As shown in the figure: Prove that $a^2+b^2=c^2$
I add the letters to your points
Using Theorem of Sine, we get $$\frac{a}{\sin 30^\circ}=\frac{BD}{\sin(10^\circ+40^\circ)}=\frac{BD}{\sin 50^\circ}$$ $$\frac{BD}{\sin 40^\circ}=\frac{BA}{\sin(30^\circ+20^\circ+50^\circ)}=\frac{BA}{\sin 100^\circ}$$ so we get $$a=\left(\frac{BA\cdot\sin 30^\circ}{\sin 100^\circ\sin 50^\circ}\right)\cdot\sin 40^\circ$$ Also we have $$\frac{b}{\sin 30^\circ}=\frac{BE}{\sin(10^\circ+40^\circ+30^\circ)}=\frac{BE}{\sin 80^\circ}$$ because $\angle BAE=\angle BEA=70^\circ$, we have $$BE=BA$$ so we get $$b=\frac{BA\cdot\sin 30^\circ}{\sin 80^\circ}=\frac{BA\cdot\sin 30^\circ\cdot\sin 50^\circ}{\sin 100^\circ\cdot\sin 50^\circ}=\left(\frac{BA\cdot\sin 30^\circ}{\sin 100^\circ\sin 50^\circ}\right)\cdot\cos 40^\circ$$ Finally, we have $$\frac{c}{\sin 30^\circ}=\frac{BC}{\sin(10^\circ+40^\circ+30^\circ+20^\circ)}=\frac{BC}{\sin 100^\circ}$$ $$BC=\frac{BA}{\sin 50^\circ}$$ So, we have $$c=\frac{BA\cdot\sin 30^\circ}{\sin 100^\circ\sin 50^\circ}$$
Since $$\sin^2 40^\circ+\cos^2 40^\circ=1$$
So we have $$a^2+b^2=c^2$$
I thought that this problem should be solvable without using trigonometry.
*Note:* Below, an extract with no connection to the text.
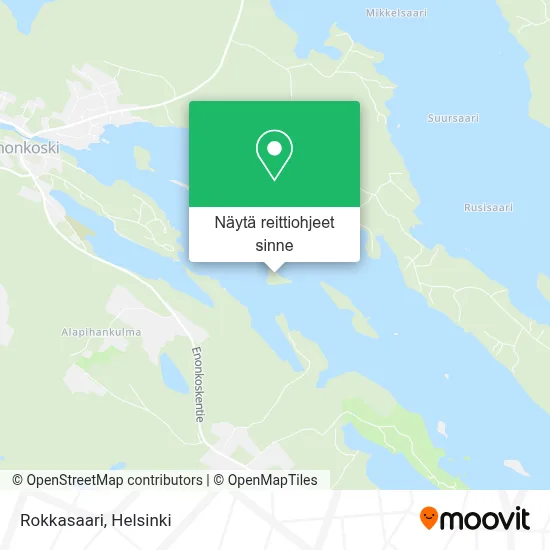 Rokkasaari kartta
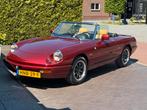 Uitmuttende  staat Alfa Romeo Spider 50.000km bj 92 Rood 2.0, Auto's, 1962 cc, Cabriolet, 400 kg, Spider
Here's a hint for a geometric solution:
Draw the segment $DG$ and let $B'$ be the intersection of the line through $AE$ and the perpendicular line to $DG$. I claim that the triangle $DB'G$ has sides of length $a,b,c$, so $c^2 = a^2 + b^2$ by the Pythagorean theorem.
Since geometry is hard to communicate, I think it is better to let you figure this out on your own.